Yes, that is what I had in mind to to try as a first solution. Maybe I'd name that base class function prepare_step and then iterate over all vars, check their dimension against the index and resize if necessary.

P.S.: Of course for performance it would be nicer to only exercise this if I knew the index has changed (in our model it will only change once in a while).

Note that most numpy functions should now work with xarray objects, which are nep-18 compliant.

Ah! Thanks for this hint. That certainly helps.

benbovy commented 3 years ago

Of course for performance it would be nicer to only exercise this if I knew the index has changed (in our model it will only change once in a while).

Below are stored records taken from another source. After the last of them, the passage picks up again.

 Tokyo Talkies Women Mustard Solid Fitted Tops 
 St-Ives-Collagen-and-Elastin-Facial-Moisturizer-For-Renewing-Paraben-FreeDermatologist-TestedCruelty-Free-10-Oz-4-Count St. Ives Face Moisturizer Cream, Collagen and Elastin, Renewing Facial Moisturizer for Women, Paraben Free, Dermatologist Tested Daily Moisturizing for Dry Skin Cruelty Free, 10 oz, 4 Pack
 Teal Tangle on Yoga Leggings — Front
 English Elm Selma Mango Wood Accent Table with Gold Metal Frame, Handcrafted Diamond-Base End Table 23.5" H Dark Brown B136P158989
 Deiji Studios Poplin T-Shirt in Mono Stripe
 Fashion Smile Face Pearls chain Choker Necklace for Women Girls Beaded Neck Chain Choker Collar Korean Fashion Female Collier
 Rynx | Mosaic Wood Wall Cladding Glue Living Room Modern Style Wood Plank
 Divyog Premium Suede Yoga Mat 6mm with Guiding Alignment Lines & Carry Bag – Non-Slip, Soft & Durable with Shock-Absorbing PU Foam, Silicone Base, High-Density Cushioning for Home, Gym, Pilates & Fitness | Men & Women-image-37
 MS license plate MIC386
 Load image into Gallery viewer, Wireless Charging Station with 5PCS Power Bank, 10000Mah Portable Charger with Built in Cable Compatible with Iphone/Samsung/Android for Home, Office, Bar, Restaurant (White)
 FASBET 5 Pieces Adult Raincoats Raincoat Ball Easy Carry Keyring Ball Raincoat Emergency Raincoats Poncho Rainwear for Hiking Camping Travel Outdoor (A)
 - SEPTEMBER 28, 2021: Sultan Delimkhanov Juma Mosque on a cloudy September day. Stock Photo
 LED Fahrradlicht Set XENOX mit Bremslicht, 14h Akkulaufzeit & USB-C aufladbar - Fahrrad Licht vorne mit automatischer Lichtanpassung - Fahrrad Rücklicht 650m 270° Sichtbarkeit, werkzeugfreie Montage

You could do something like:

@xs.process
class Foo:
    idx = xs.index(dims='X')
    idx_resized = xs.any_object()

    def run_step(self):
        # maybe update idx...

        if is_resized(self.idx):      # anything that checks if the index has changed
            self.idx_resized = True
        else:
            self.idx_resized = False

@xs.process
class ResizeX:
    idx = xs.foreign(Foo, 'idx')
    idx_resized = xs.foreign(Foo, 'idx_resized')

    def _resize(self, vars):
        if not self.idx_resized:
            return
        for v in vars:
            # resize v
jvail commented 3 years ago

After some experiments we ended up with an awful hack. But all solutions seem to involve some sort of semi ideal work-around.

I did replace the set_state function of the ModelBuilder in order to "inject" our own State class. This is just a dictionary with a new setter. When an index variable changes it will go through all other variables and align their shape to match the index's shape/length.

We just need something more powerful than a process class and I did not like the idea of importing the index everywhere. I did a few experiments with introducing some sort of "meta-process" that is not involved in the actual model logic. The idea was to have something that is powerful enough and could do some work in administering the model: e.g. watch variables, maybe more complex validation, read input files and pass them on to the initialization function of processes, manipulate the state - these sort of things. But I did not really get far and soon hacked too much around in the simlab core.

However, would be nice if (in some distant future) simlab could provide extension points, "slots" to drill your own hole into the implementation to add custom stuff. This is not a feature request - just an idea. Will be a lot of work, I suppose.

Thank you for your support and ideas!

benbovy commented 3 years ago

Thank you for your support and ideas!

You're welcome.

Feel free to open issues if you have suggestions on how we can refactor xarray-simlab to make it more flexible. I'm sure there are ways to make it so without introducing much new concepts.